Personal Product AI-Powered

Gooey Ops

A unified operations-monitoring platform: uptime checks, SSL certificate tracking, third-party status aggregation, and AI-assisted alert triage and incident summaries.

Highlights

  • AI-assisted alert triage and automatically generated incident summaries to cut on-call noise
  • Pluggable checker architecture (HTTP, TCP, DNS, SSL) behind a single dispatch interface
  • Provider-based notification fan-out (email, webhook, Slack) with escalation, quiet hours, and repeat intervals

Skills

AI/LLM integrationBackend systems designConcurrency & worker patternsMulti-tenant authorizationStrict TypeScript / ESM

Overview#

Gooey Ops is a monitoring platform I built to consolidate the things teams usually stitch together from three or four separate tools: uptime monitoring, SSL certificate expiry tracking, aggregation of third-party service status pages, and the alerting layer that ties them together. On top of that alerting layer, it uses AI to triage incoming alerts and generate human-readable incident summaries, so on-call engineers see signal instead of a wall of raw notifications. It's an npm-workspaces monorepo built around a Fastify + Prisma + TypeScript API.

The Problem#

Operational signal is fragmented. Uptime lives in one tool, certificate expiry in another, upstream-vendor outages in a dozen status pages nobody watches, and alert routing in yet another product. Gooey Ops unifies these behind one org-scoped data model and one alerting engine.

My Role#

Founder and sole engineer — architecture, data model, checker and worker subsystems, and notification layer.

Architecture & Approach#

The system follows a clean routes → services → Prisma request flow, with services owning business logic and verifying org membership internally rather than trusting the route layer alone.
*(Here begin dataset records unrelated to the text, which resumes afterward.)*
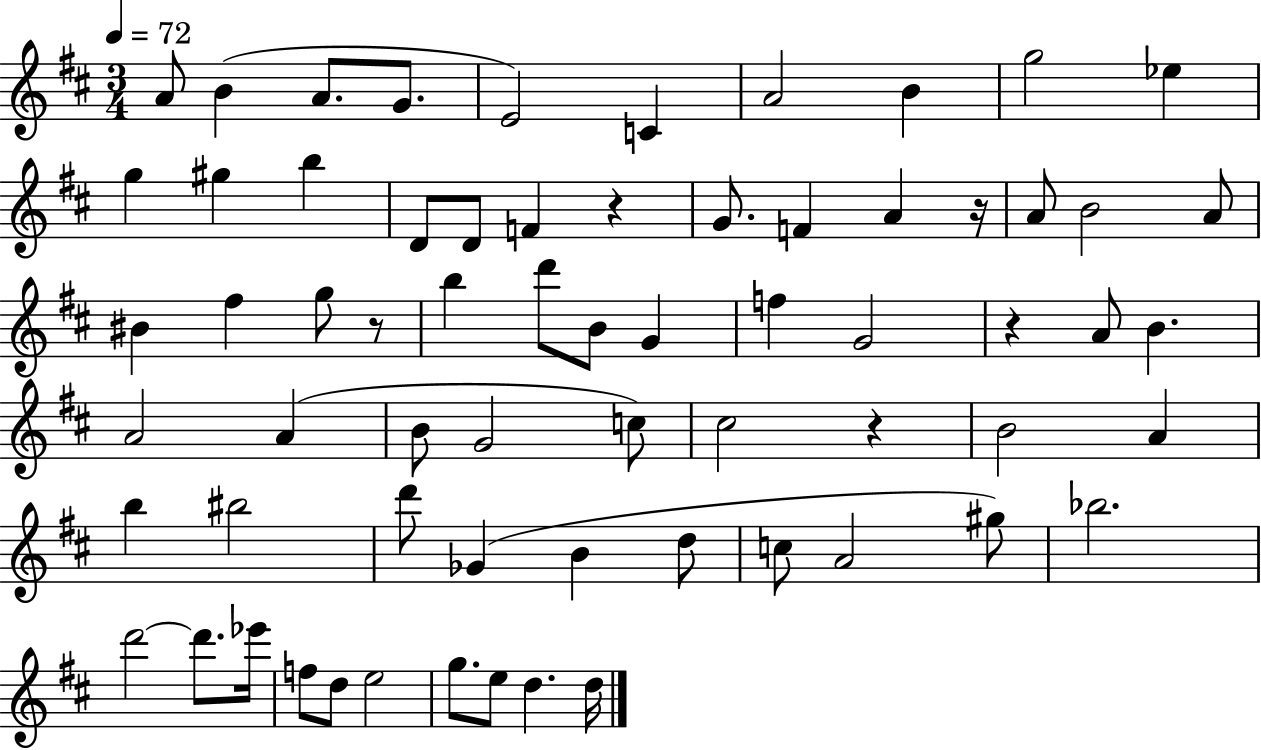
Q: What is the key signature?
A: D major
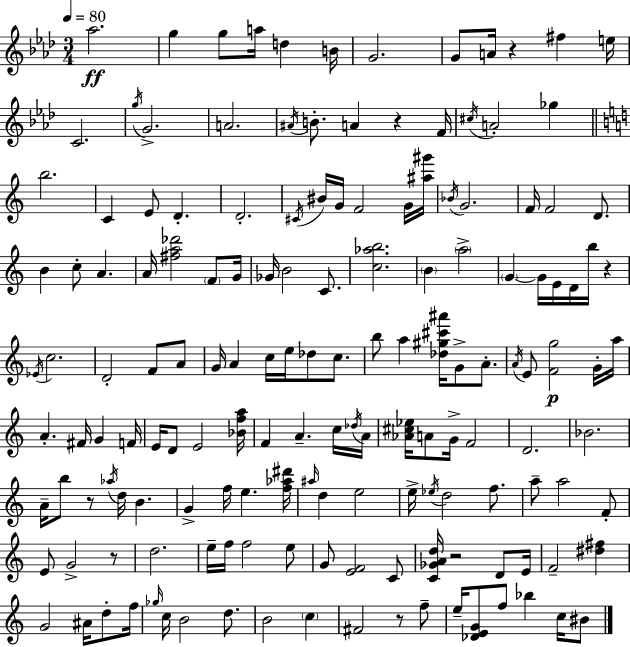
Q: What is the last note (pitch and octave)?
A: BIS4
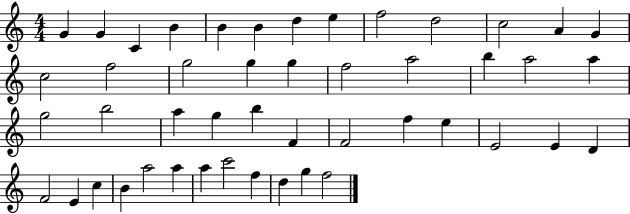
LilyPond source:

{
  \clef treble
  \numericTimeSignature
  \time 4/4
  \key c \major
  g'4 g'4 c'4 b'4 | b'4 b'4 d''4 e''4 | f''2 d''2 | c''2 a'4 g'4 | \break c''2 f''2 | g''2 g''4 g''4 | f''2 a''2 | b''4 a''2 a''4 | \break g''2 b''2 | a''4 g''4 b''4 f'4 | f'2 f''4 e''4 | e'2 e'4 d'4 | \break f'2 e'4 c''4 | b'4 a''2 a''4 | a''4 c'''2 f''4 | d''4 g''4 f''2 | \break \bar "|."
}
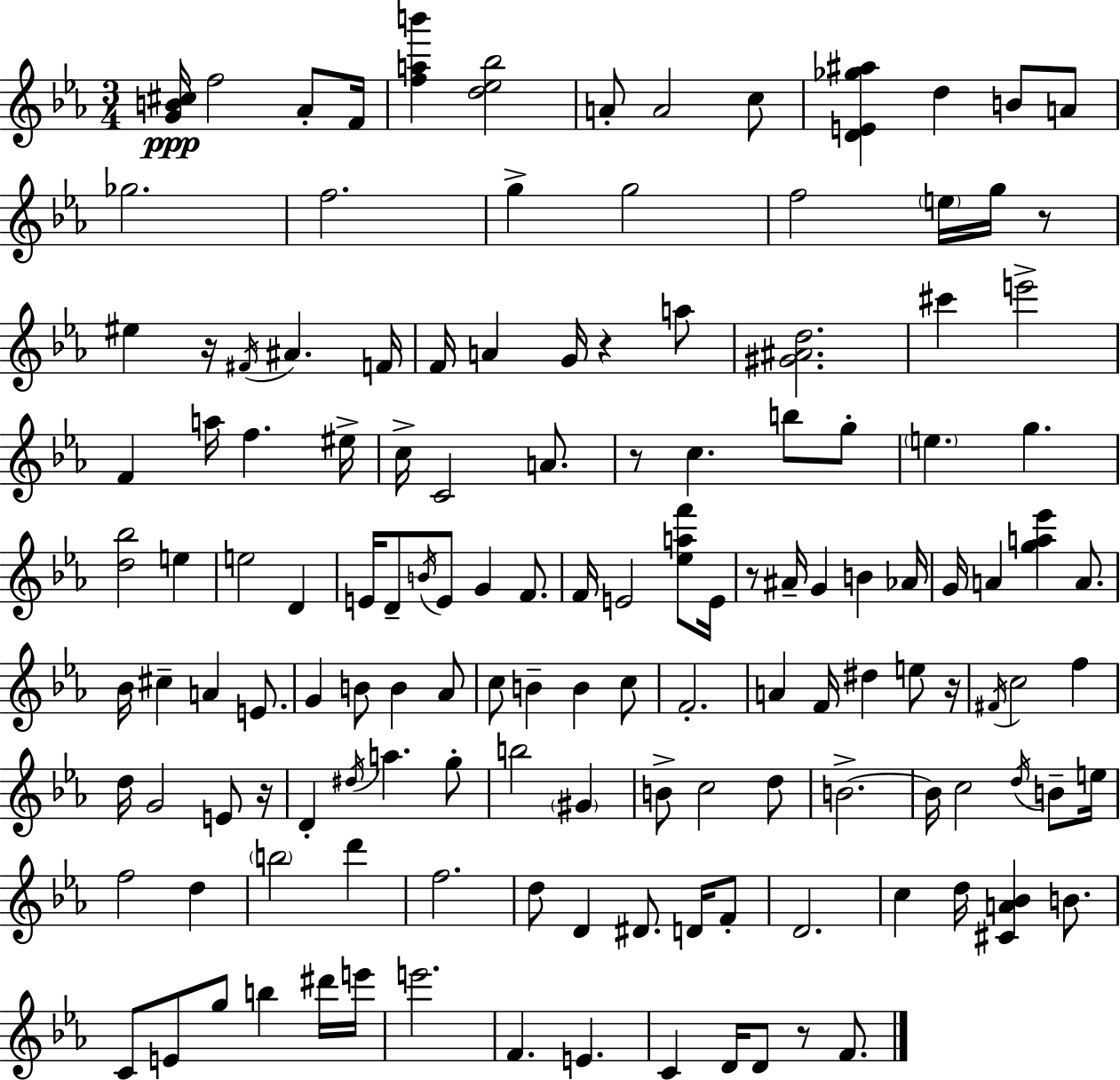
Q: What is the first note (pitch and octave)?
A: F5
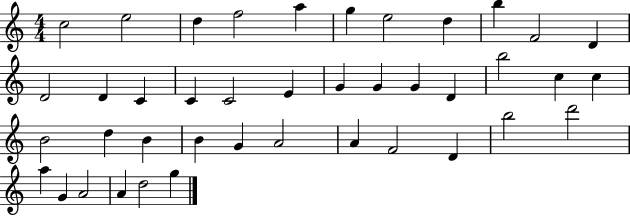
{
  \clef treble
  \numericTimeSignature
  \time 4/4
  \key c \major
  c''2 e''2 | d''4 f''2 a''4 | g''4 e''2 d''4 | b''4 f'2 d'4 | \break d'2 d'4 c'4 | c'4 c'2 e'4 | g'4 g'4 g'4 d'4 | b''2 c''4 c''4 | \break b'2 d''4 b'4 | b'4 g'4 a'2 | a'4 f'2 d'4 | b''2 d'''2 | \break a''4 g'4 a'2 | a'4 d''2 g''4 | \bar "|."
}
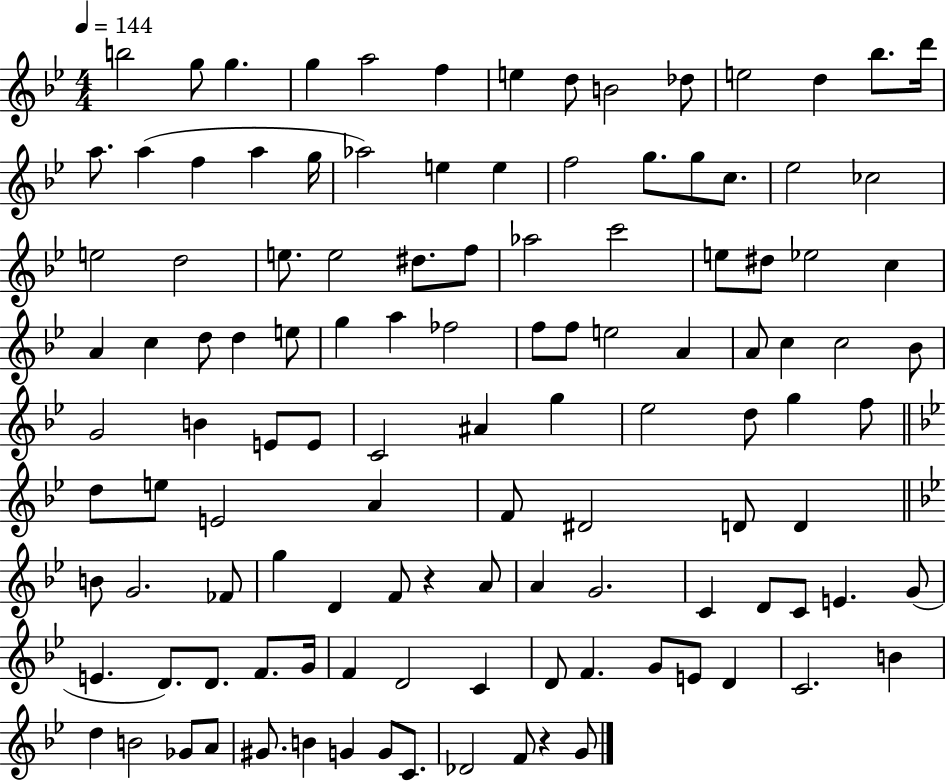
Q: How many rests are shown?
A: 2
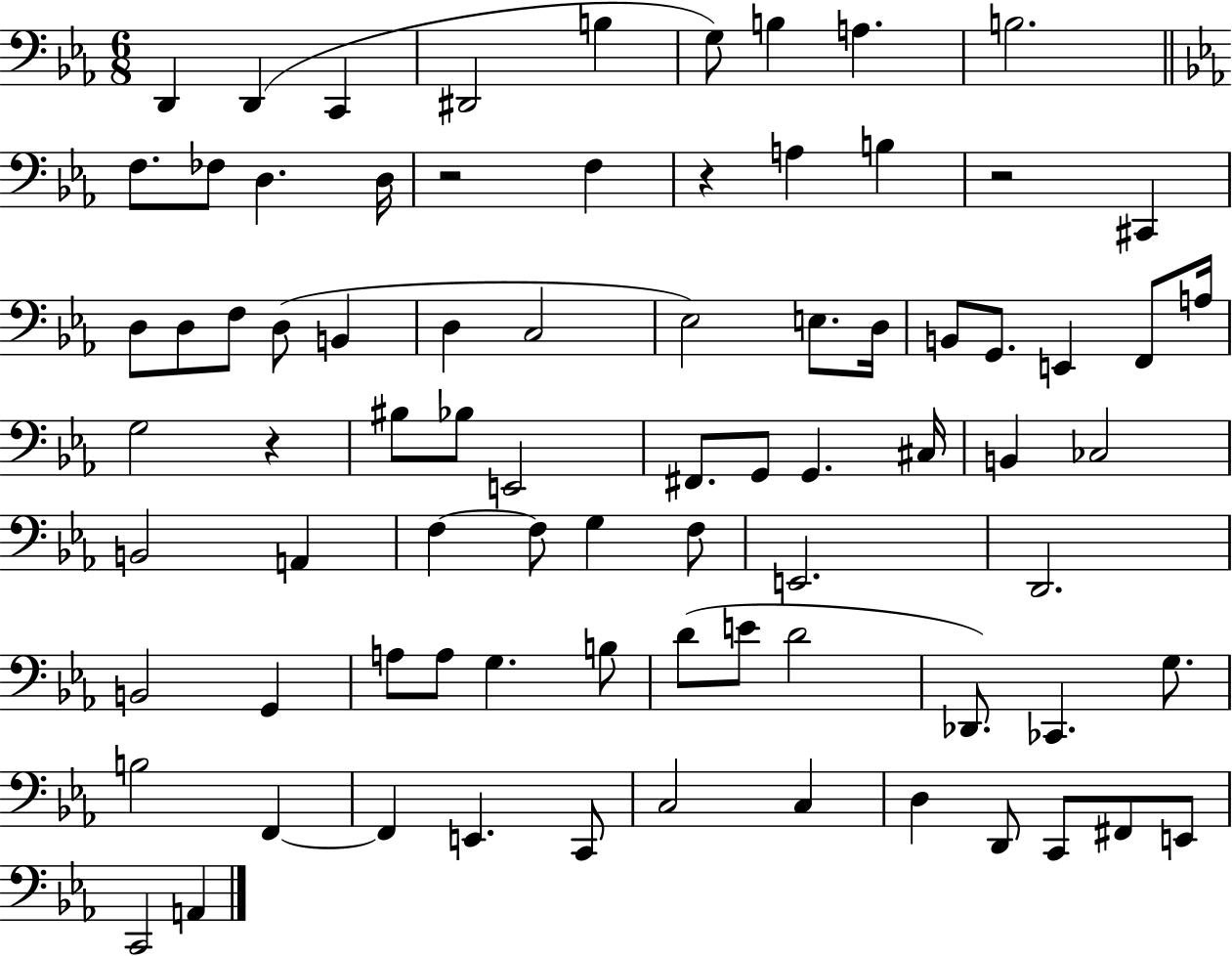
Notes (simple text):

D2/q D2/q C2/q D#2/h B3/q G3/e B3/q A3/q. B3/h. F3/e. FES3/e D3/q. D3/s R/h F3/q R/q A3/q B3/q R/h C#2/q D3/e D3/e F3/e D3/e B2/q D3/q C3/h Eb3/h E3/e. D3/s B2/e G2/e. E2/q F2/e A3/s G3/h R/q BIS3/e Bb3/e E2/h F#2/e. G2/e G2/q. C#3/s B2/q CES3/h B2/h A2/q F3/q F3/e G3/q F3/e E2/h. D2/h. B2/h G2/q A3/e A3/e G3/q. B3/e D4/e E4/e D4/h Db2/e. CES2/q. G3/e. B3/h F2/q F2/q E2/q. C2/e C3/h C3/q D3/q D2/e C2/e F#2/e E2/e C2/h A2/q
Everything is org-scoped through an organization/membership model with a role hierarchy (owner > admin > member > viewer).

Two subsystems carry most of the interesting design:

  • Checkers implement a single Checker interface, one per protocol (HTTP, TCP, DNS, SSL), dispatched through a registry so new probe types are a single addition rather than a refactor.
  • Workers are polling loops with a shared shape — configurable poll interval and concurrency, an active-check counter, and a process-then-persist-then-alert cycle. They drive the checkers, transition entity status, and hand off to the notification layer.

Technical Highlights#

  • AI-assisted alerting. An AI layer sits on top of the raw check results to triage incoming alerts and generate concise, human-readable incident summaries from the underlying failures — turning a noisy stream of notifications into something an on-call engineer can act on quickly.
  • Provider-based notifications. Email, webhook, and Slack providers implement a common interface and are fanned out by a notification service, layered under an alert-policy model with escalation delays, repeat intervals, and quiet hours.
  • Security-first auth. Argon2id password hashing, short-lived JWT access tokens with rotating refresh tokens, account lockout on repeated failures, and dedicated audit/security-event logging.
  • Strict ESM + TypeScript discipline. Native ESM with required .js import extensions and exactOptionalPropertyTypes enforced throughout — the kind of constraints that keep a growing codebase honest.

Skills Demonstrated#

AI/LLM integration for alert triage and incident summarization, backend systems design, concurrency and worker-pool patterns, pluggable/extensible architecture, multi-tenant authorization, and disciplined strict-TypeScript engineering.